Grant Period: One year and six months
Earlier in this century, Pandit V N Bhatkhande’s monumental Sangeet Shastra proposed a system for classifying the ragas of Hindustani classical music. He argued that there are ten thaats (scales) under which the ragas may be grouped. Certain ragas belonged together because they shared notes that characterised a particular thaat. Although Bhatkhande’s book is now used in a learning and teaching capacity, it is limited because it makes no attempt to explain a raga’s evolution or ingenerate attributes, which would help pinpoint its specific musical identity. This grant assists Pandit Chandrashekar Rele to develop a new conceptual analysis of ragas based on movements (pravahas) and their interplay, challenging the orthodox system for classifying ragas in terms of scales. Pandit Rele believes that the form of any raga can be appreciated on the basis of four basic movements or pravahas, which are best expressed through the ragas Mand, Kalyan, Gaud and Bilawal. He proposes to examine each raga in terms of the influence of the four basic movements on its structure. It is the interplay of two or more movements in a raga that throws light on its distinct values and the thinking that has gone into its evolution.
This theory is expected to enhance the understanding and elucidation of ragas, and facilitate methodical improvisation, spontaneous innovation and the development of new compositions in different ragas. By making explicit the process of evolution and artistic value of individual ragas, it will encourage a revaluation of the distortions and anomalies that have crept into their formation and execution. A lawyer by profession, Pandit Rele studies music along with Kumar Gandharva under the guidance of the well-known musicologist Prof. B R Deodhar. Since his retirement from active law practice, he has devoted his energies to composing and training disciples in Bombay. A collection of Pandit Rele’s 135 compositions, recently published under the title ‘Gunjan’, has been acclaimed by critics and musicians as a valuable contribution to Hindustani classical music.

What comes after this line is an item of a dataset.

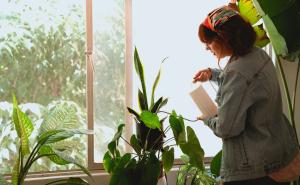 Za početnike: Jednostavan trik s olovkom koji čuva vaše biljke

Pandit Rele expects to produce a manuscript of around 300 pages in Marathi, which will be edited by his research associate, Satyasheel Deshpande, a classical singer who leads Samvaad Foundation, an institution in Bombay devoted to research, documentation and archiving of vocal traditions of Hindustani classical music. The manuscript will be translated into Hindi by Prof. Shrirang Sangoram of Poona University. Both popular Prakashan and the Maharashtra Rajya Sahitya Sankriti Mandal have shown interest in publishing the manuscript, which may be accompanied by an audio cassette, in both the Marathi and Hindi versions. The publication is expected to become a reference text for students, musicians and research scholars, and enhance learning and teaching of raga sangeet at music institutions and university departments.